Exercise goal >> Everything from the line containing "Sealey SP14055 Premier" through the last line of the data below should be given again exactly, both end lines included and nothing more.
****************************************
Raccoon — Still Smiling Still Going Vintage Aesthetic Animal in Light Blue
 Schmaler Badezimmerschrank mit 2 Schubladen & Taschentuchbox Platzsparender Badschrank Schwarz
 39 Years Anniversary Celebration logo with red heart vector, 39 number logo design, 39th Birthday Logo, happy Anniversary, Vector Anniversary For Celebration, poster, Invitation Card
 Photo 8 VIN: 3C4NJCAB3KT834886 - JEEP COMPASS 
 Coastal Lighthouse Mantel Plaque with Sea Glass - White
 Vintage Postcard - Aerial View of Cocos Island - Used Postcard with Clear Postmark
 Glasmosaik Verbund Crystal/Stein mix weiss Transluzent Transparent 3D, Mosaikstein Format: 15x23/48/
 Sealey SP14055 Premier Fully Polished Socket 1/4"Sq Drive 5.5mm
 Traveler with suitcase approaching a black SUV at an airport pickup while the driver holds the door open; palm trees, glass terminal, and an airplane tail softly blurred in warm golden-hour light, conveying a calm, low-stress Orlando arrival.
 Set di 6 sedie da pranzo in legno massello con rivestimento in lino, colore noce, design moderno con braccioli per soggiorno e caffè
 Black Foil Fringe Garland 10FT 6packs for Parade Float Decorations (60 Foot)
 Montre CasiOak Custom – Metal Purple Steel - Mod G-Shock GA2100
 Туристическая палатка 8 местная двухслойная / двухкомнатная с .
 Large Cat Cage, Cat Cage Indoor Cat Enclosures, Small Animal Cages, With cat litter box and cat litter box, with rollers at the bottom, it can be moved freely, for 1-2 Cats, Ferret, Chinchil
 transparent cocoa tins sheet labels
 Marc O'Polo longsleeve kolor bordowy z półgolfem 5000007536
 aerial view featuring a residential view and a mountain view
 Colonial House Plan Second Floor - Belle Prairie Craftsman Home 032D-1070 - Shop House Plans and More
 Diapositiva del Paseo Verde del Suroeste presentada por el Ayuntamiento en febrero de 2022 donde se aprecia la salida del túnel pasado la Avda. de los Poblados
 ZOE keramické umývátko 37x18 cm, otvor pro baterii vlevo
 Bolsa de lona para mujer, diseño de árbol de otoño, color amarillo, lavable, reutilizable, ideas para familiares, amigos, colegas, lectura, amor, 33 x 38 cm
****************************************
Expected answer >>
 Sealey SP14055 Premier Fully Polished Socket 1/4"Sq Drive 5.5mm
 Traveler with suitcase approaching a black SUV at an airport pickup while the driver holds the door open; palm trees, glass terminal, and an airplane tail softly blurred in warm golden-hour light, conveying a calm, low-stress Orlando arrival.
 Set di 6 sedie da pranzo in legno massello con rivestimento in lino, colore noce, design moderno con braccioli per soggiorno e caffè
 Black Foil Fringe Garland 10FT 6packs for Parade Float Decorations (60 Foot)
 Montre CasiOak Custom – Metal Purple Steel - Mod G-Shock GA2100
 Туристическая палатка 8 местная двухслойная / двухкомнатная с .
 Large Cat Cage, Cat Cage Indoor Cat Enclosures, Small Animal Cages, With cat litter box and cat litter box, with rollers at the bottom, it can be moved freely, for 1-2 Cats, Ferret, Chinchil
 transparent cocoa tins sheet labels
 Marc O'Polo longsleeve kolor bordowy z półgolfem 5000007536
 aerial view featuring a residential view and a mountain view
 Colonial House Plan Second Floor - Belle Prairie Craftsman Home 032D-1070 - Shop House Plans and More
 Diapositiva del Paseo Verde del Suroeste presentada por el Ayuntamiento en febrero de 2022 donde se aprecia la salida del túnel pasado la Avda. de los Poblados
 ZOE keramické umývátko 37x18 cm, otvor pro baterii vlevo
 Bolsa de lona para mujer, diseño de árbol de otoño, color amarillo, lavable, reutilizable, ideas para familiares, amigos, colegas, lectura, amor, 33 x 38 cm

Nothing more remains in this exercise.